Cette décision a suscité l’ire des natifs du quartier, qui, le dimanche 6 août, ont manifesté et tenu une Assemblée générale pour protester contre la construction d’une gare routière dans leur quartier.

Ainsi, lundi 7 août, sous la pression de certains habitants de N’tomikorobougou, le maire de la Commune III du District de Bamako Abdel Kader Sidibé, soucieux de maintenir un climat de paix dans sa circonscription, a décidé de suspendre l’exécution du projet, lors d’une session extraordinaire du conseil communal.

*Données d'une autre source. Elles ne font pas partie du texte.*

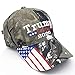 ROWILUX Trump Hat 2020 Keep America Great USA Flag Baseball Cap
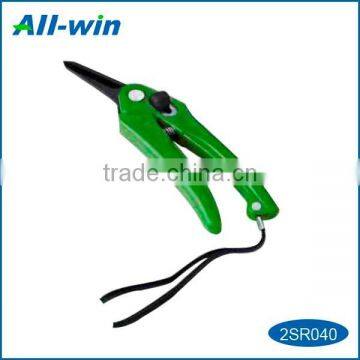 bypass garden pruning shear/scissor for cutting twigs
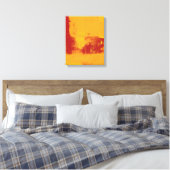 Toile Couleurs Aura (Insitu(Chambre))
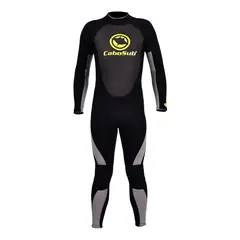 CABOSUB - Traje Surf 32mm Blade Flexibilidad y Comodidad - Negro - XS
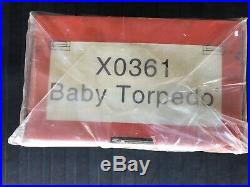 Giant Heddon Baby Torpedo X0361 Fishing Lure Store Display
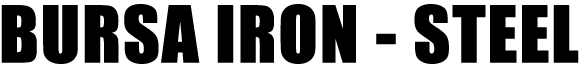 BURSA IRON - STEEL 2016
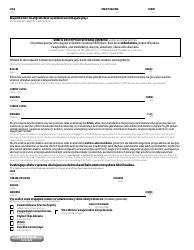 Appointment of a Health Care Agent Form - Vermont (English/Kirundi), Page 2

Cependant, une décision définitive sera prise prochainement et les habitants du quartier ne sont toujours pas rassurés sur leur sort…

Les journaux titrent :

Les Echos du 08 août 2006 : « projet d’installation d’une auto gare, N’tomikorobougou promet le jeudi noir à la Commune III ».

Nouvel horizon du 9 août 2006 : « Construction de l’auto gare de N’tomikorobougou
La mairie suspend l’exécution des travaux
».

Les Echos du 09 août 2006 : « Ntomikorobougou, Le maire de la Commune III renonce à l’auto-gare ».

Les Echos du 10 août 2006 : « Sursis a l’implantation de l’autogare, Des résidents de N’tomikorobougou insatisfaits ».

Pourquoi tout ce remue-ménage …

« Entre la mairie de la commune III du District de Bamako et certains habitants du quartier N’tomikorobougou, la tension est vive. Tout est parti d’un projet de construction d’une auto gare dans le marché de N’tomikorobougou. Ledit projet de construction a été approuvé depuis 1999 lors d’un conseil communal extraordinaire tenu le 04 mai de la même année.

A l’époque, sur les 33 membres du conseil communal, 29 conseillers ont délibéré et adopté le projet d’aménagement de deux marchés: celui de Dravéla Bolibana et celui de N’tomikorobougou avec l’implication des Maliens de l’Extérieur. Le conseil a aussi donné mandat au bureau de constituer une commission chargée du suivi de ce dossier. L’aménagement du marché de Dravéla a été réalisé sans peine en fin 2003, juste avant le départ de l’ancien conseil communal. Aujourd’hui, la partie du marché de Dravéla Bolibana qui a été aménagée est occupée par les vendeurs de cola.

L’espace à aménager à N’tomikorobougou est situé en plein marché. Le site prévu pour être aménagé au marché de N’tomikorobougou est en ce moment occupé par des installations dites “insalubres” par l’entreprise adjudicatrice de l’appel d’offre: ce que notre entrepreneur appelle “installations insalubres” sont constituées de kiosques, de hangars en paille etc.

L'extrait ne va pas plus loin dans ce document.